Sharing is an inherent part of human nature. We’ve done it since time immemorial, but the millennial generation is elevating it to the next level by embracing a sharing economy. In the past few years, several sharing economy-based startups have revolutionised multiple industries. Today, we can rent rooms in someone else’s home when we travel, or rent clothes and furniture from someone looking to clear the clutter or hire someone’s car to get around. The main factor that is helping the concept of sharing economy thrive in India is that new-age consumers aren’t fixated on owning; they are eager to share or experience simultaneously with others.
Sustainability and the shared economy
A sharing economy epitomises a utopian economic landscape: consumption is sustainable and growth is accelerated. Within a sharing economy, sustainability can be branched into social, economic, and environmental sustainability.
Shared services, be it cabs, clothes, or homes, cost considerably less than their alternatives. The quality of these services, however, remains top notch. Therefore, these services are affordable and economically sustainable. They can be availed by individuals across various economic sectors and backgrounds and can democratise several services that are currently available only to certain sections of society.
Further, shared services lead to increased and intensified social connections. These services do not just create a healthy community in the present scenario, but also set a societal benchmark that will encourage future generations to come together and enjoy services in a sustainable manner.
Finally, when services are shared among groups of individuals, it has a deeply positive impact on the environment. The earth benefits greatly when natural resources are shared among large groups of people and not exhausted haphazardly.
Ride-sharing at the helm of sharing economy
Perhaps the most significant example of sustainability through a sharing economy is the concept of ride sharing. In fact, several leading ride-sharing brands are operating across the globe, working towards decreasing transportation costs and reducing the overall carbon footprint.
According to a Boston Consulting Group report, across India’s top four metro cities, commuters take 15 times longer to cover any distance due to traffic congestion, poor road infrastructure, and an enormous increase in private vehicles. It is estimated that these four cities, Delhi, Mumbai, Bangalore, and Kolkata, spend $22 billion per year due to congestion on roads.

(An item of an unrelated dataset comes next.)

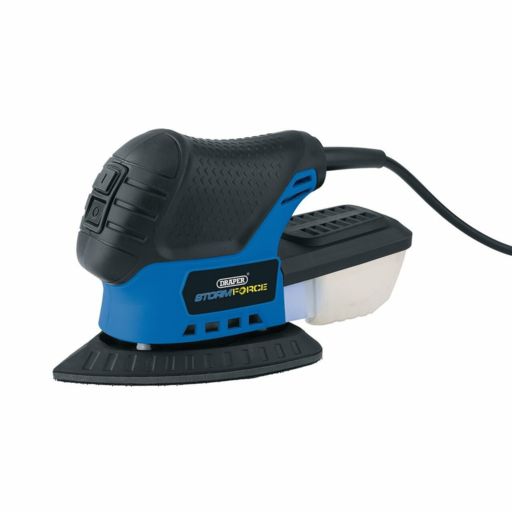 Draper Tri-Base Detail Sander, 75W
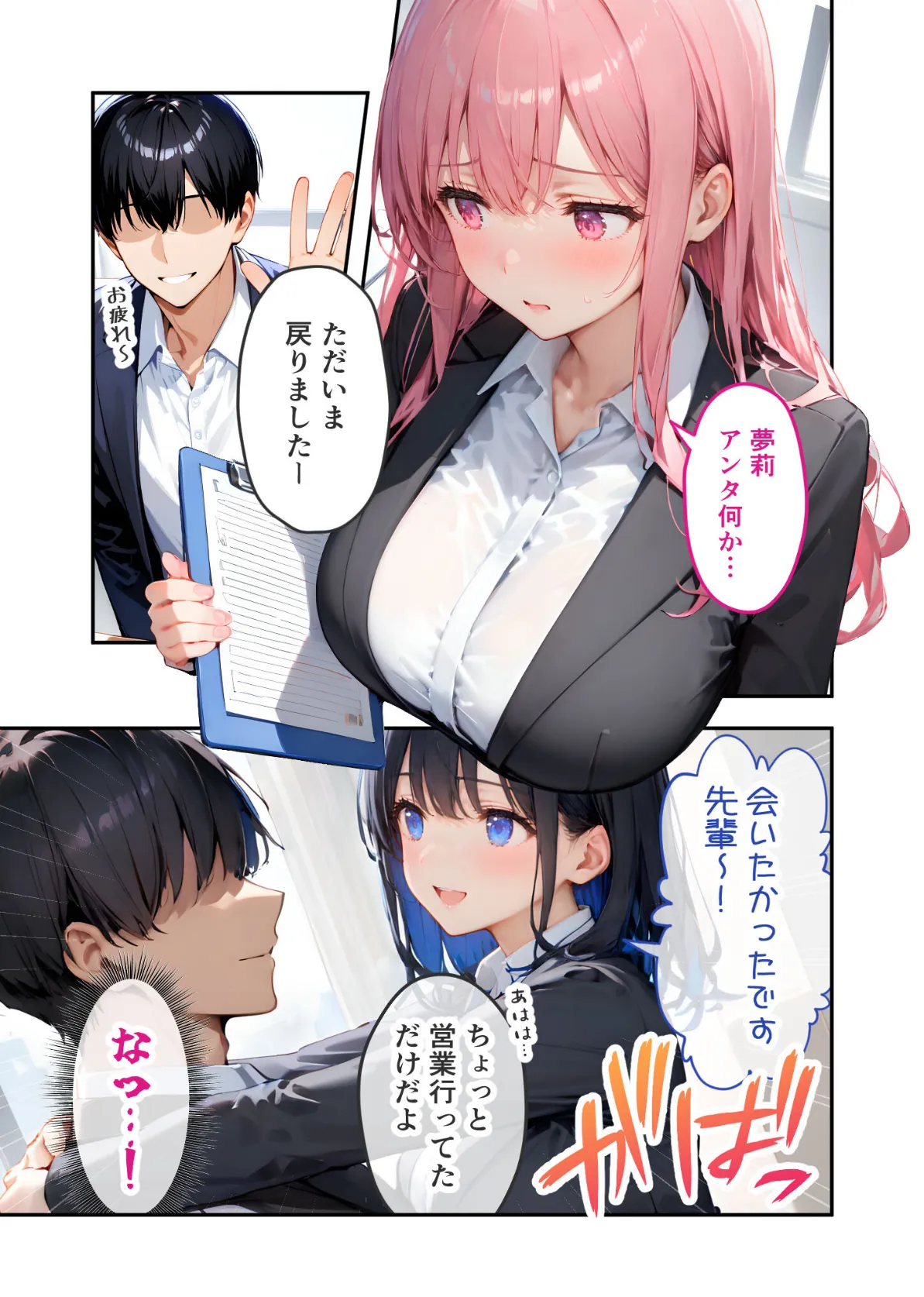 VIP限定 SEXバーへようこそ(10) モザイク版 5ページ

Apart from financial leakages, traffic congestion and increased vehicle count also have dire effects on the environment, which bears the brunt of auto emissions day in and day out. Ride-sharing can mitigate the grim impact of constant emissions while allowing people to avoid high traffic situations and reducing commute times significantly.
Corporate ride sharing revolutionising India’s transportation landscape
The transportation sector in India is currently valued at a whopping $16 billion, of which about $2.5 billion is spent directly by Indian corporates. Ridesharing can help corporates save money while also removing a major chunk of private cars from Indian roads. Several corporates have realised the many benefits of ridesharing and have put in place shared employee transport systems (ETS). Through these systems, organisations provide affordable, tech-enabled cabs to their employees, who can avoid long, stressful commutes. According to research, 1 car eliminated from the road reduces about 2 tonnes of carbon dioxide emissions a year. So, when corporates organise thousands of employees into ride-sharing groups, they end up taking a lot of pressure away from the roads.
Further, an increasing number of corporates are adopting technologically advanced transport automation systems (TAS) that leverage innovative technologies such as artificial intelligence and machine learning. These technologies can predict traffic conditions, a number of passengers and shortest routes to simplify commutes. These tech-centric systems ensure that commuters do not last longer or consume more fuel than they should. Additionally, they also track rides, ensuring the safety of employees, which is an essential benefit of the process.
The average employee spends around Rs 5,000 per month on commuting to and from work. If corporates offer ridesharing facilities at significantly lower prices, the savings alone will be enough incentive for employees to embrace the sustainable model. Leading corporates such as Accenture and Genpact provide shared cab services to their employees, contributing majorly to the fight for sustainability. Once every employee has access to shared, corporate-sponsored rides, we will advance into an era of seamless sharing and sustainable growth. To continue living in an abundance of resources, a sharing economy is the only solution. There is simply no other option.
(Disclaimer: The views and opinions expressed in this article are those of the author and do not necessarily reflect the views of YourStory.)